第16話求婚されてるけれど2

「リナ、無理をして寝込んでいたそうじゃないか、心配したぞ。本当は直ぐに会いに来たかったのだが、公務が忙しくて身動きがとれず、こんなに遅くなってしまった。すまなかったな」




「ライオネル様、会いに来て下さっただけで嬉しいです!」




 キラキラと輝く金髪を見ながら、そう返せば「可愛いな」と、また額にキスされる。




「ライオネル様、あの、もう下ろして欲しい、です」


「ん?」




 私を自分の膝に座らせて、腰に腕を回しているのは、いつものスタイルだ。この人は会う度に、ベッタベッタに私を甘やかす。私は19歳なのだけど、こんなんで良いの?




「いいだろう?私はリナが気に入っているんだ」


「はあ、そうですか」




 上品な香水らしきものが鼻腔を擽り、仕方なく安定しやすいように彼の首に腕を回して納まる。




 今部屋には私とライオネル様だけだ。部屋の外には、ヤトさんと近衛兵が控えている。神官達は、外出しているアマナ様を呼びに出ていった。




 そういえば床に転んだ蘇芳は大丈夫だったかな。彼の視線が落ち着かなくて最近接し方に悩んでしまう。




「何を考えているんだい、仔猫ちゃん」




 片手で私の顎を捉えて、ライオネル様は微笑している。キザな仕草も、この人ならサマになっている。でも仔猫ちゃんは恥ずかしい。




「い、いえ、何でもありません」


「気苦労が多いのでは?」




 碧眼に私を映して、ライオネル様は心配そうに聞く。




「大丈夫ですよ 」


「君の聖女の力は、負担が大きすぎる。辛いだろう?」


「そんなことないですよ」




 安心してもらいたくて、にっこりと笑えば、ライオネル様は頬を赤くして顔を近付けてきた。




「………………私なら、君を楽にしてあげられる」


「ライオネル様?」


「聖女となら周りも反対はしないだろう。式は後でもいい」




 ちゅっ、と頬にキスされて、ぼんやりしていたら、耳に息が掛かる。




「君が早く結婚を承諾しないなら、その前に食べてしまうよ?」


「え?きゃ」




 ベロリと首を舐められて、驚いて身を捩る私の後頭部を捕らえてライオネル様が「可愛い、仔猫ちゃん」と囁く。




「あ、や」




 スルスルと背を撫でられて、耳や首に歯を当てられて、小さく悲鳴を上げる。戯れにしても少々度が過ぎる気がする。




「あ、ライオネルさまぁ、も、もう、やぁ」


「その声、可愛い」




 ふふ、と笑われて、私の髪を払ったライオネル様が、耳の後ろの辺りに吸い付いた。




「やぁん」




 涙目になって、なんとか逃げようと身をくねらせていたら、扉がバンッと勢い良く開いた。




「放せ」




 片手に持った茶器の盆を放り投げるように後ろへ無造作に落とした蘇芳が、聞いたこともない低い声音を喉から絞り出した。

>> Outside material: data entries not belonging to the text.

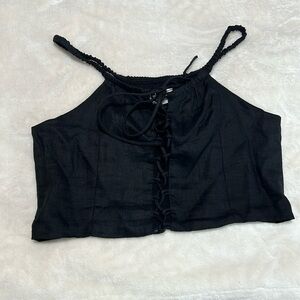 Seek the Label 100% Linen Black Crop Top XS | Lace Up NWOT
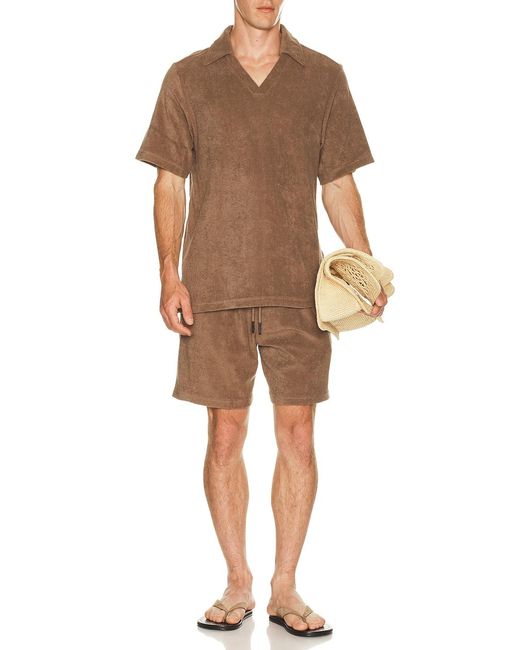 Oas Brown Serif Polo for men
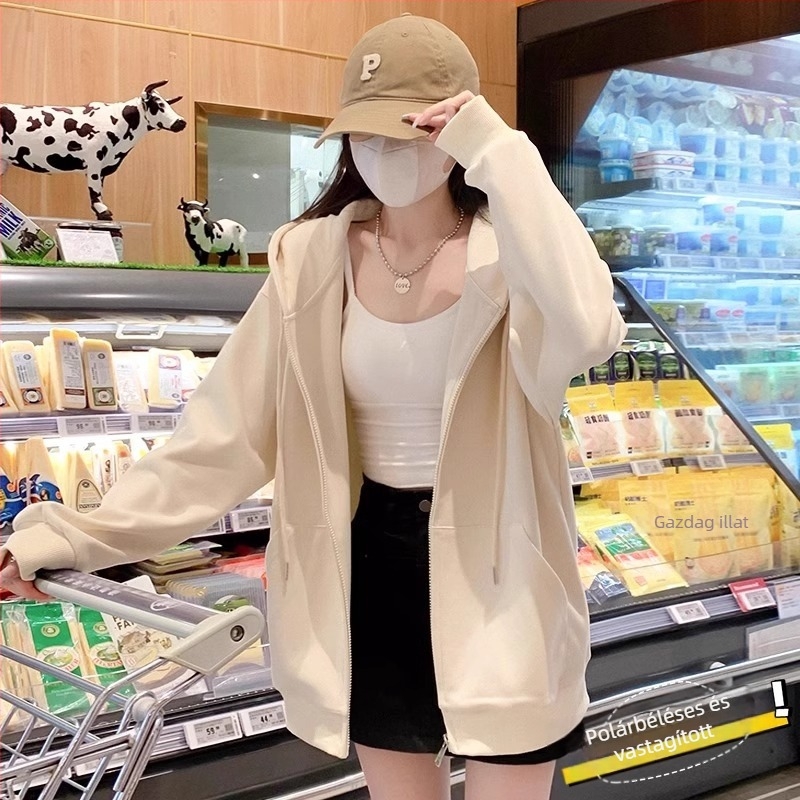 Női Harajuku-stílusú fleece-béléses kapucnis pulóverdzseki, lazább szabásban, őszi-téli 2025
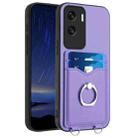 For Honor X50i R20 Ring Card Holder Phone Case(Purple) - 1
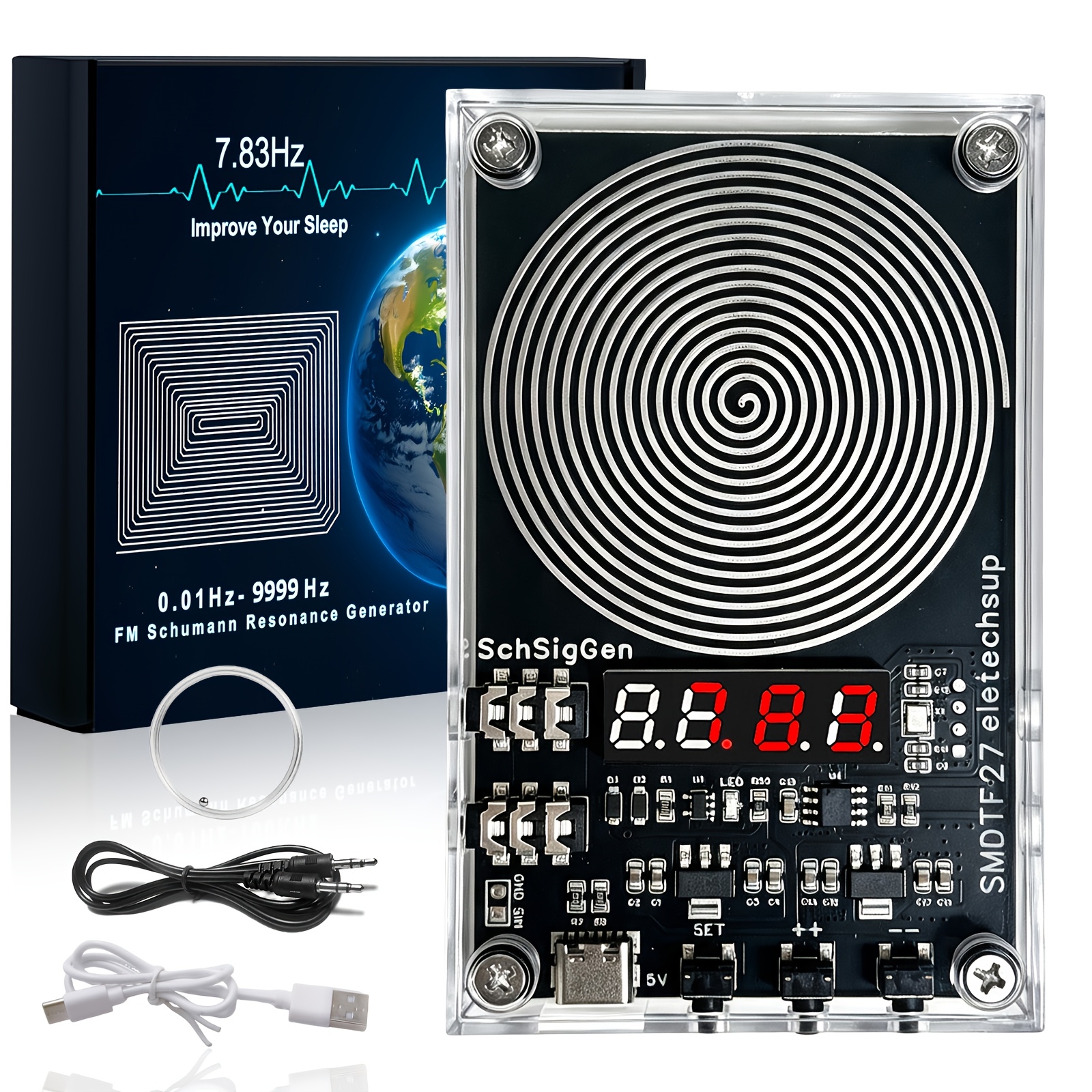 TEMU 7.83hz Schumann Resonance Generator|adjustable Frequency Range (0.01hz-9999hz) Schumann Generator|usb Sine Wave Generator, Frequency Audio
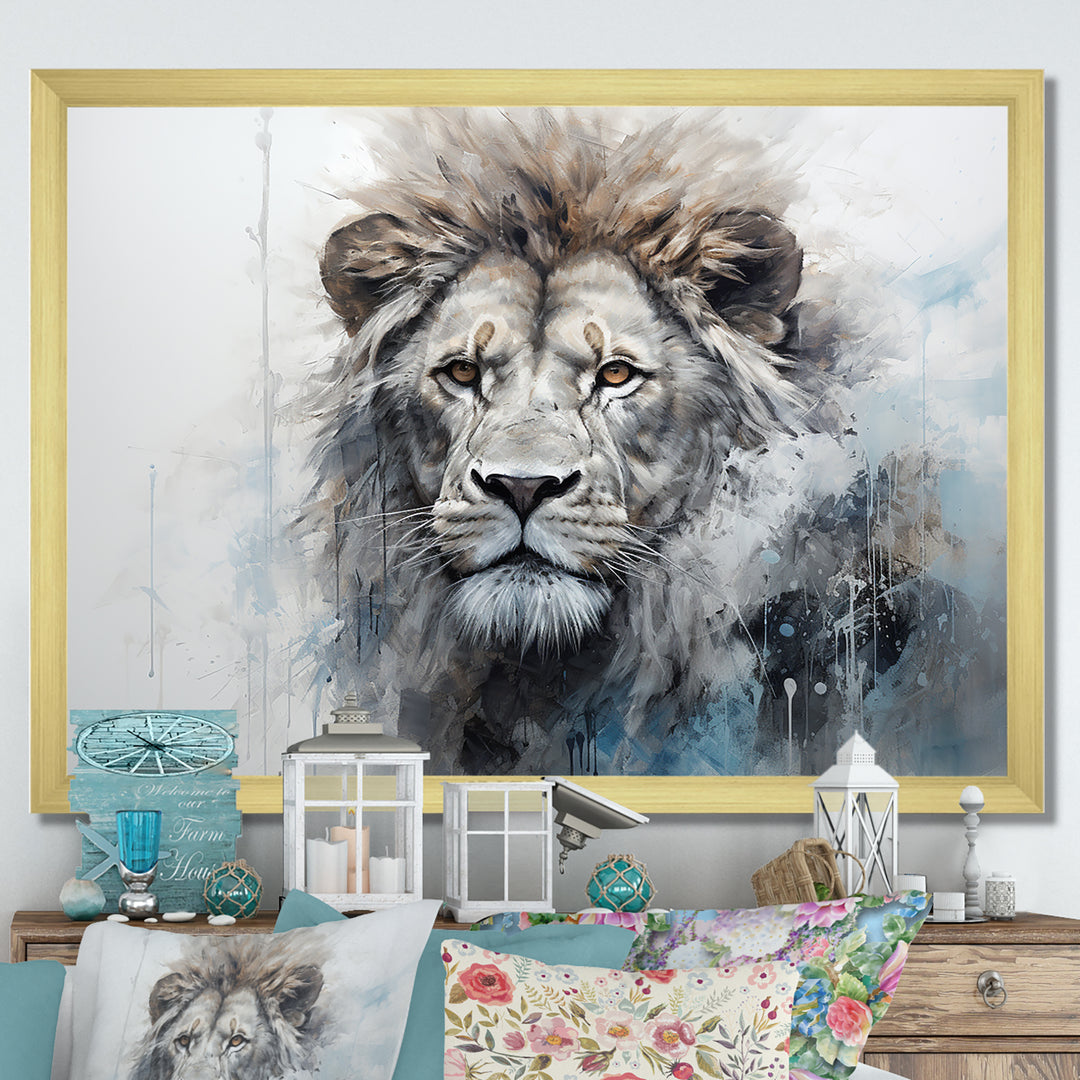 Grey And Blue Savannah Royalty Lion - Lion Large Canvas Wall Art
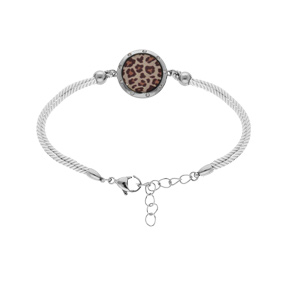 Bracelet en acier cordon blanc motif rond avec résine léopard 16+3cm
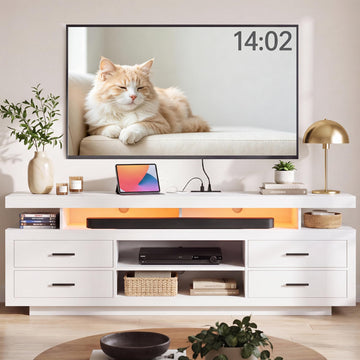 70" TV Stand for TVs up to 80", LED Entertainment Center, White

 派手な音を立てて割れてしまった茶器に私が驚いている間に、蘇芳が大股で近付き、私に触れるライオネル様の腕を捻り上げた。




「つっ!」


「リナを放せ!」




 堪らず緩んだ腕から抜け出した私が立ち上がると、ライオネル様を突き飛ばした蘇芳が私の腰に手を回して引き寄せた。




「リナ、何をされたの?」




 私の顔やら首やらを、あちこち見回していた蘇芳が、耳の後ろに目を留めた。




「くっ」




 ギリッと歯を噛み締めた彼が、あまりに怖い顔をしてライオネル様を睨み掴みかかろうとするので慌てて間に割って入った。




「ダメよ!」




 ハッとして一瞬動きを止めた彼を背後からヤトさんが押し倒し、続いて近衛兵がなだれ込んで来た。




「だから茶を運びたいなら何見ても冷静にと!ああ、全く!」




 蘇芳の頭を乱暴に押さえつけ、ヤトさんがひれ伏す。




「殿下、大変な失礼を致しました!この者の非礼何卒お許しを!」




 ヤトさんの姿に、私も事の大きさに気付き、同じように謝ろうと座り込む。




「り、リナ」




 唸るように蘇芳が呼ぶが、彼の方を向く余裕がない。


 蘇芳が罰せられるようなことがあったら、どうしたら………




「怒っていないから顔を上げよ。リナもやめなさい」




 皇太子の冷静な声がして、私達が顔を上げれば、彼は蘇芳を見てニヤリと意地悪そうに笑っていた。




「そなたの赤い髪……………セラビ公爵家の隠された子どもだな?なるほど、顔はこちら側に似ている。母親似か」




 捻られた腕を軽く回してから組み直す。